The Origin of Karate in Okinawa
Kara-te (meaning ’empty-hand‘ or without weapons) has existed in the Far East for many centuries. It originates from the small island of Okinawa which lies midway between China and Japan. Okinawa now forms part of Japan but over the centuries it has been fought over and governed by both China and Japan.
As a busy seaport it constantly had visiting merchants and travellers from both these and other eastern countries. This exposure to many different cultures and their various fighting forms led to the development and perfecting of karate. However the most important influences seem to have been the Chinese Shaolin monks and the various forms of Chinese “boxing”.
In the 17th century the Japanese invaded and occupied Okinawa. The Okinawan people fought their invaders at every opportunity and made life very difficult for the Japanese. So much, that the use and possession of weapons by the locals was banned. The islanders then had to fight without the help of weapons, using only their “empty hands”! It was during this period that karate became very refined and truly flourished.

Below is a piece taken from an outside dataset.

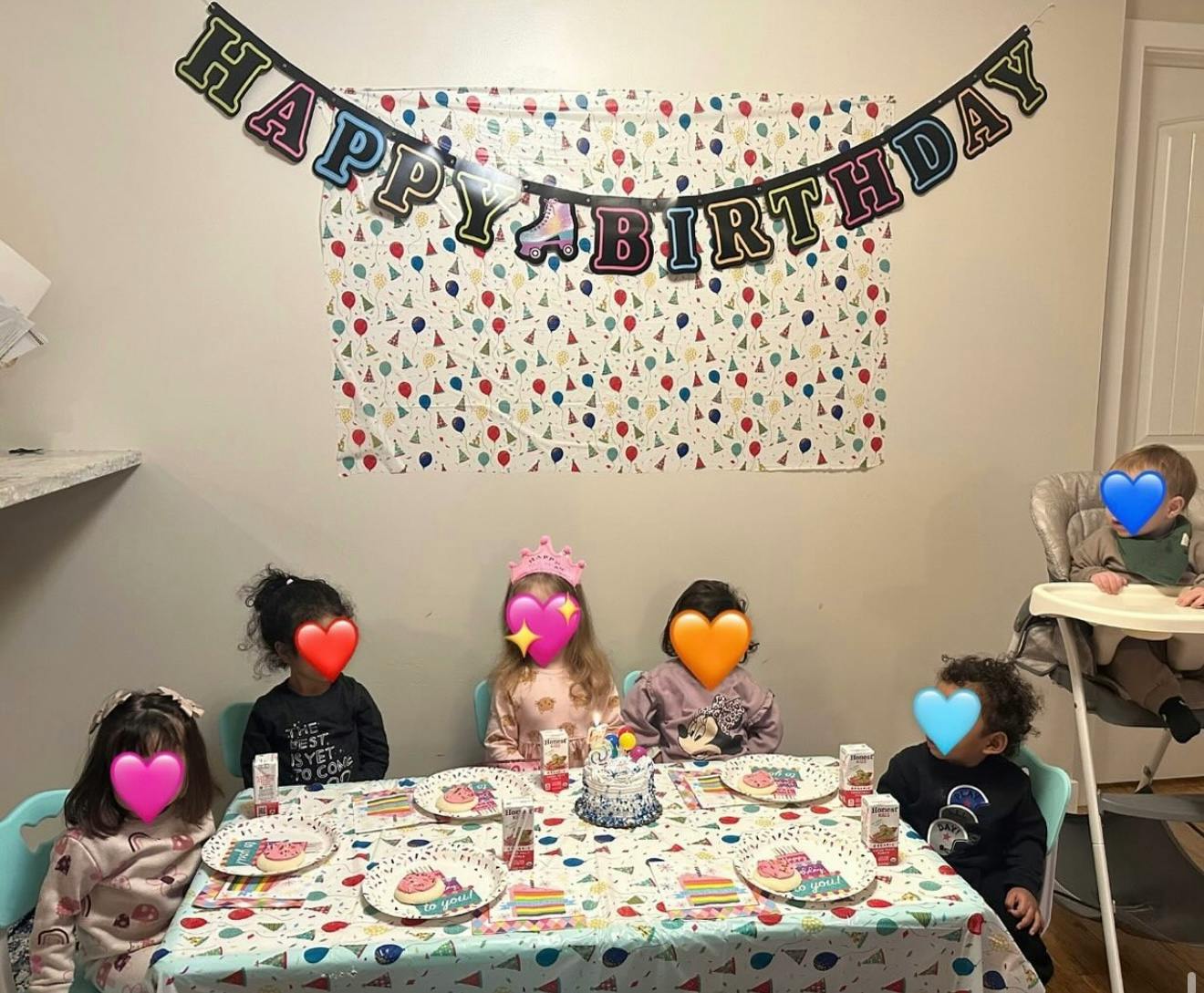 Children sitting at a table with a birthday banner above them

The mid 1800s saw the emergence of karate into Okinawan society. Until this time it had been practiced and taught only in secret. The two most important Masters of this time were Kanryo Higaonna (or Higashionna) and Ankoh Itosu. These men are the founders of all the modern day karate systems. Both lived and taught in different cities and had different students. Most of the basic karate techniques they taught were the same although different aspects were emphasised.